Tem início o engajamento formal de titio Walt no esforço de guerra e aprofunda-se sua participação ativa como colaborador do FBI na caça aos comunistas de Hollywood – episódio que mancharia definitivamente sua reputação. Disney foi informante do FBI de 1940 (portanto, antes da greve) até pelo menos 1957. Os arquivos do FBI sobre ele foram liberados em 1993 pelo Freedom of Information Act (Lei de Liberdade de Informação) mas parte das páginas estão rasuradas, o que impede que se tenha um quadro completo sobre a verdadeira dimensão da atuação de Disney junto ao FBI.

Após a guerra o panorama político dos EUA sofre grandes alterações; Franklin D. Roosevelt deixa a Casa Branca, a presidência passa a ser ocupada por políticos mais conservadores, começa a perseguição aos sindicatos independentes, aos comunistas e a qualquer um que seja acusado de ser antiamericano tem início. Os sindicatos ligados a Herbert Sorrell perdem força, a IATSE (agora sem o controle da Máfia) se alia aos estúdios para combater a subversão em Hollywood o que enfraquece as entidades dos trabalhadores.

HERBERT SORREL (8/4/1897 - 7/5/1973) - Foi o mais importante líder sindical de Hollywood, organizando entidades e comandando várias greves.

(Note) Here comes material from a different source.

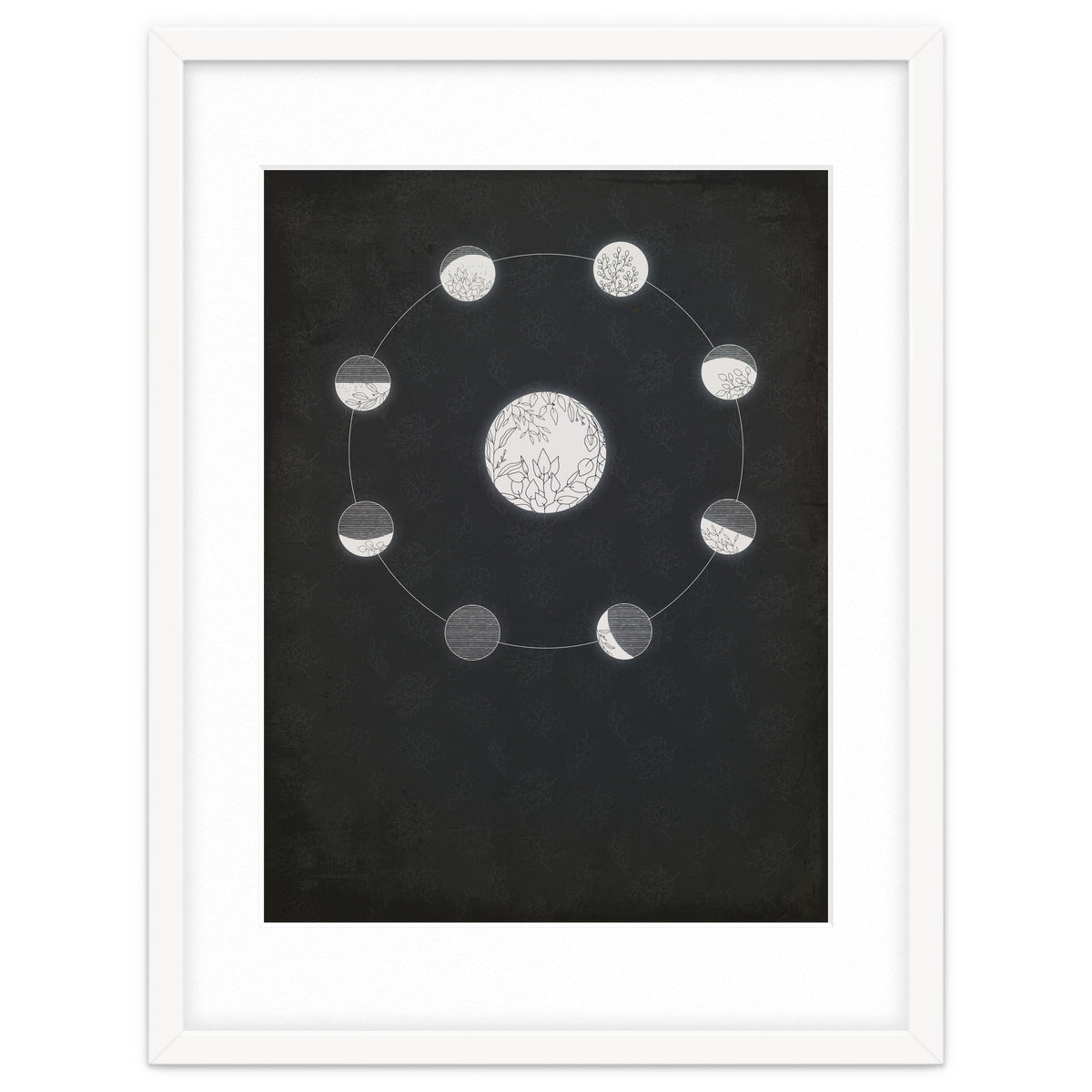 Floral moon phases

A partir de 1945, com a derrota em uma greve particularmente violenta envolvendo policiais, grevistas e provocadores, a perseguição política que passa a sofrer, a aliança pelega da IATSE com os estúdios e a política anti sindical do governo vão minando sua liderança o que acaba, inclusive, causando a incorporação da SCG (que organizou a greve na Disney) ao IATSE. Sorrel deixa de ocupar o papel central no movimento sindical mas permanece a vida toda ligada ao seu sindicato de origem.

A união destes acontecimentos muda para sempre a história da empresa Disney e da animação; a partir da década de 1950 os estúdios Disney vão diminuindo a produção dos desenhos animados e se concentrando em filmes com atores reais e a animação migra da tela grande para a TV (para onde Disney também ingressa com o Clube do Mickey) e temos o surgimento de novos estúdios, principalmente aqueles criados pelos animadores demitidos a partir da greve. Mas isto é outra história...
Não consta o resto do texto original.